Materials provided:
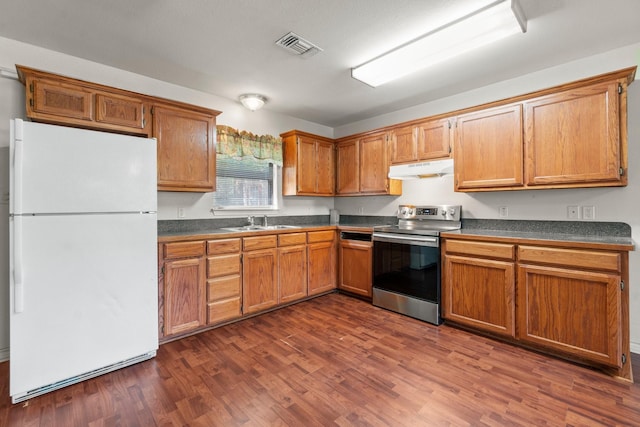 185 Rustic Way, Livingston, TX 77351 - kitchen featuring freestanding refrigerator, stainless steel range with electric cooktop, and dark countertops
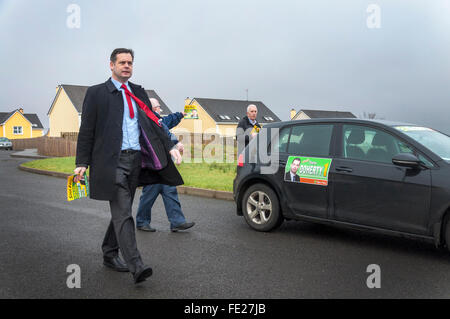 Ardara, comté de Donegal, Irlande. 4e février 2016. Pearse Doherty du Sinn Féin en campagne électorale pour les prochaines élections générales irlandaises. Il s'agit d'un Teachta Dála - membre du Parlement irlandais - pour le sud-ouest de Donegal et de circonscription du Sinn Féin est dil - - porte-parole parlementaire des finances de l'élection générale irlandaise aura lieu le vendredi 26 février 2016. Crédit : Richard Wayman/Alamy Live News Banque D'Images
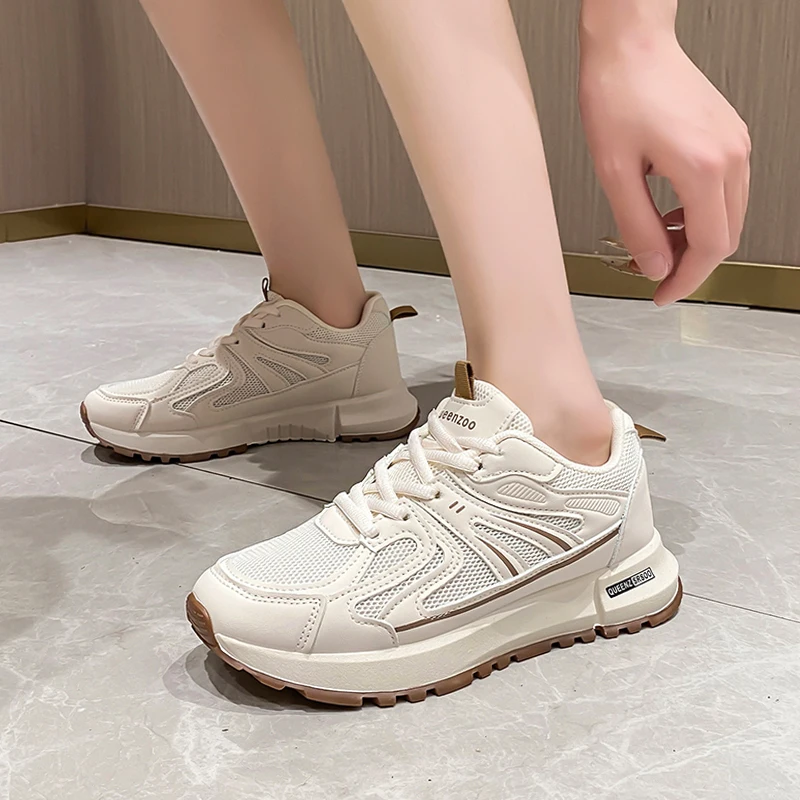 Sepatu kets wanita musim panas, sepatu Sneakers kasual ujung bulat mulut dangkal Platform bakiak Wedge 2024 untuk wanita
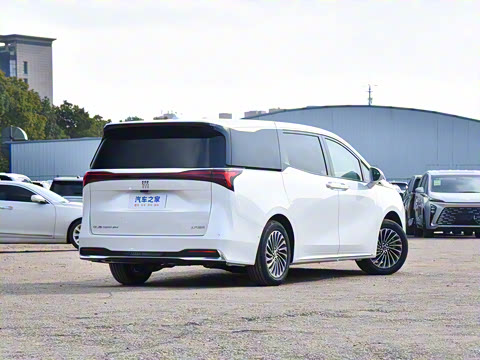 2025�� 2.0T ����������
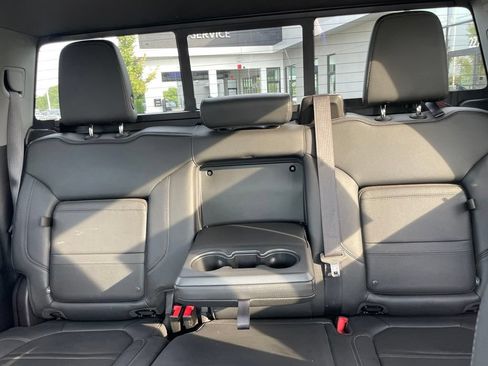 Used 2022 GMC Sierra 2500 Denali w/ Denali Ultimate Package AWD/4WD image 24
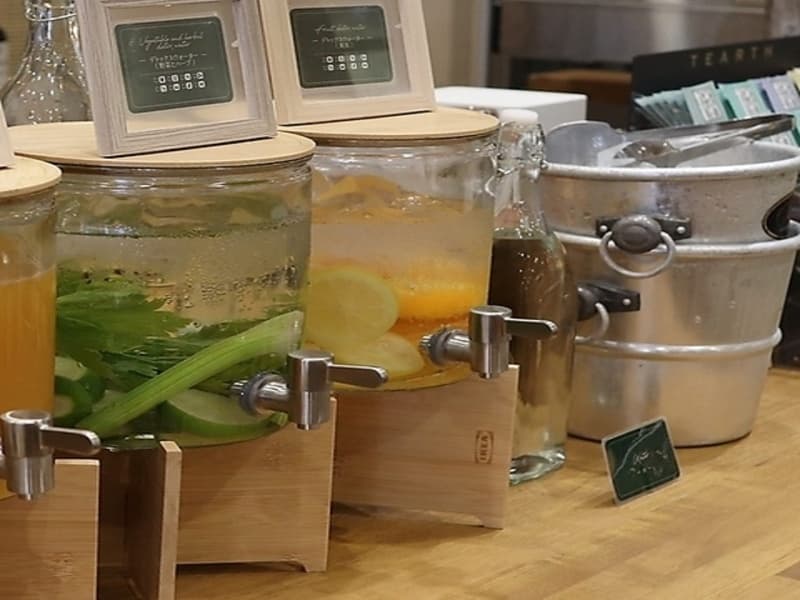 デトックスウォーター

パスタの合間に、デトックスウォーターもおすすめです。「野菜とハーブのデトックス」「柑橘のデトックス」の両方ご用意があります。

Work required: After removing the pictures, restate the whole listing above word for word.

The completed task:
 185 Rustic Way, Livingston, TX 77351 - kitchen featuring freestanding refrigerator, stainless steel range with electric cooktop, and dark countertops
 Ardara, comté de Donegal, Irlande. 4e février 2016. Pearse Doherty du Sinn Féin en campagne électorale pour les prochaines élections générales irlandaises. Il s'agit d'un Teachta Dála - membre du Parlement irlandais - pour le sud-ouest de Donegal et de circonscription du Sinn Féin est dil - - porte-parole parlementaire des finances de l'élection générale irlandaise aura lieu le vendredi 26 février 2016. Crédit : Richard Wayman/Alamy Live News Banque D'Images
 Sepatu kets wanita musim panas, sepatu Sneakers kasual ujung bulat mulut dangkal Platform bakiak Wedge 2024 untuk wanita
 2025�� 2.0T ����������
 Used 2022 GMC Sierra 2500 Denali w/ Denali Ultimate Package AWD/4WD image 24
 デトックスウォーター

パスタの合間に、デトックスウォーターもおすすめです。「野菜とハーブのデトックス」「柑橘のデトックス」の両方ご用意があります。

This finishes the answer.